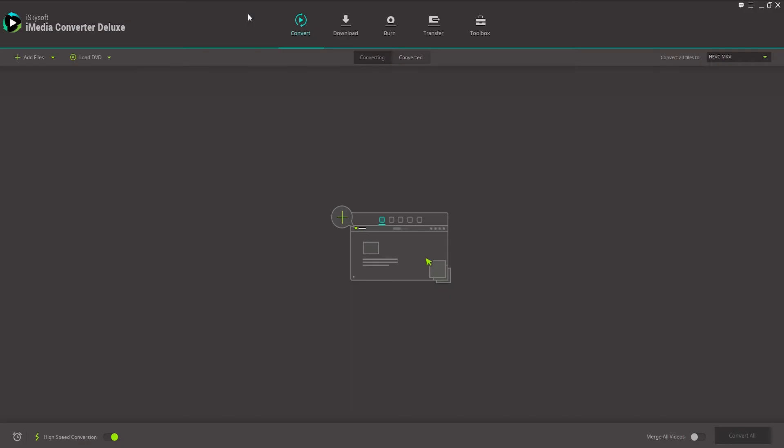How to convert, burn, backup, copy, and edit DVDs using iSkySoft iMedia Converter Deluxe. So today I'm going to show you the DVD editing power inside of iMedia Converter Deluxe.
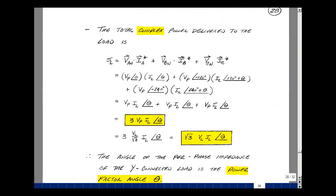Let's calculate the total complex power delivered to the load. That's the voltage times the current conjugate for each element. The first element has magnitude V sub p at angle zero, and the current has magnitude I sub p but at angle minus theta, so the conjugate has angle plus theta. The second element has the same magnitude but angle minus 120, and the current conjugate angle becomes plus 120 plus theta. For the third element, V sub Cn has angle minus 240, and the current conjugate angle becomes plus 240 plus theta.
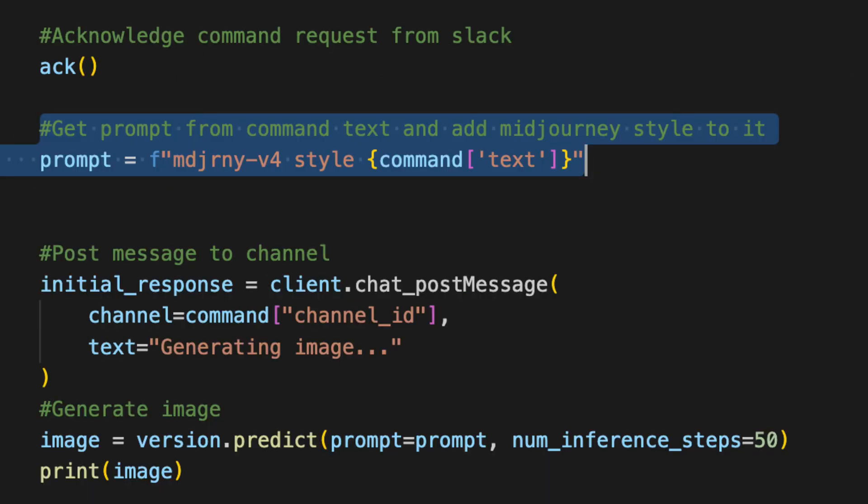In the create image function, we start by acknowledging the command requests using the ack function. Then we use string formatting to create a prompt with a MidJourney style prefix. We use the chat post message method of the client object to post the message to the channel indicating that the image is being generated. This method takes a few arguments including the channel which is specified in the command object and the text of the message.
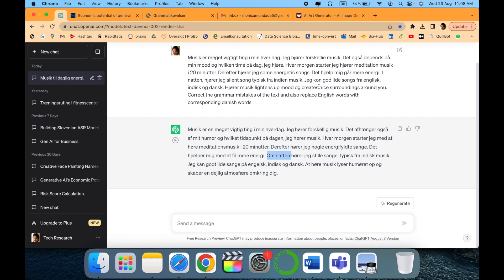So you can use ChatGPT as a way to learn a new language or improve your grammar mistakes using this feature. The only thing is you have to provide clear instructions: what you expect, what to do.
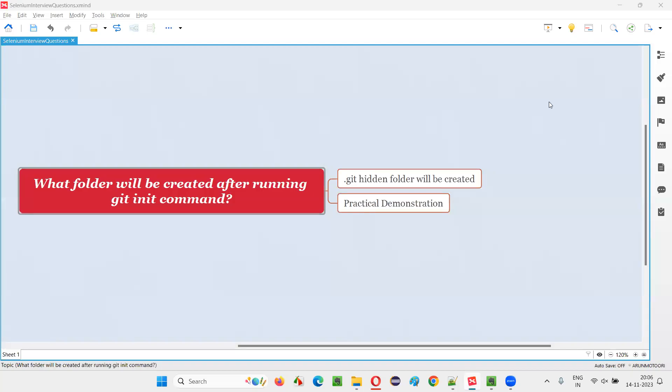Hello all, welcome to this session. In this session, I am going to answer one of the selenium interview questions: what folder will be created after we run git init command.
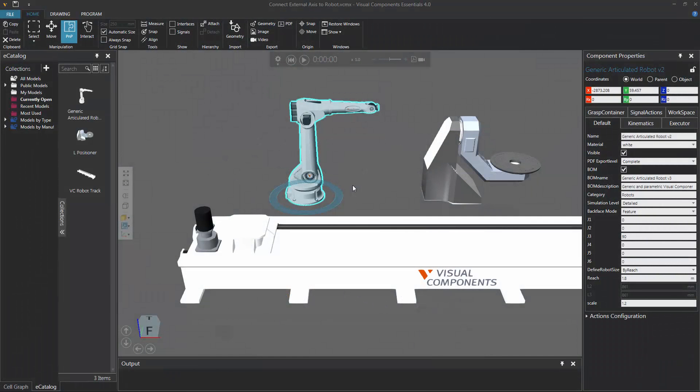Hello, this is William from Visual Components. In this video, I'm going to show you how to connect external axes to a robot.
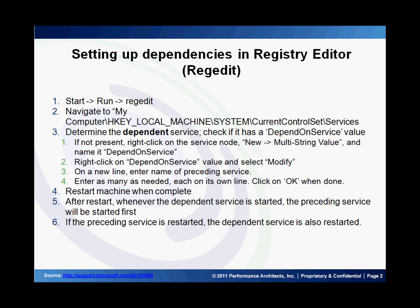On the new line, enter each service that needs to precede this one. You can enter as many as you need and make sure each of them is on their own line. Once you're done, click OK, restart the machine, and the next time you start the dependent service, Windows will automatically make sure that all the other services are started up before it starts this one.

#### Exercise details:
Skip the pictures, please, and transcribe only the lines from the beginning of the material through the one that contains "Let's calculate the".

#### Exercise answer:
How to convert, burn, backup, copy, and edit DVDs using iSkySoft iMedia Converter Deluxe. So today I'm going to show you the DVD editing power inside of iMedia Converter Deluxe.
Let's calculate the total complex power delivered to the load. That's the voltage times the current conjugate for each element. The first element has magnitude V sub p at angle zero, and the current has magnitude I sub p but at angle minus theta, so the conjugate has angle plus theta. The second element has the same magnitude but angle minus 120, and the current conjugate angle becomes plus 120 plus theta. For the third element, V sub Cn has angle minus 240, and the current conjugate angle becomes plus 240 plus theta.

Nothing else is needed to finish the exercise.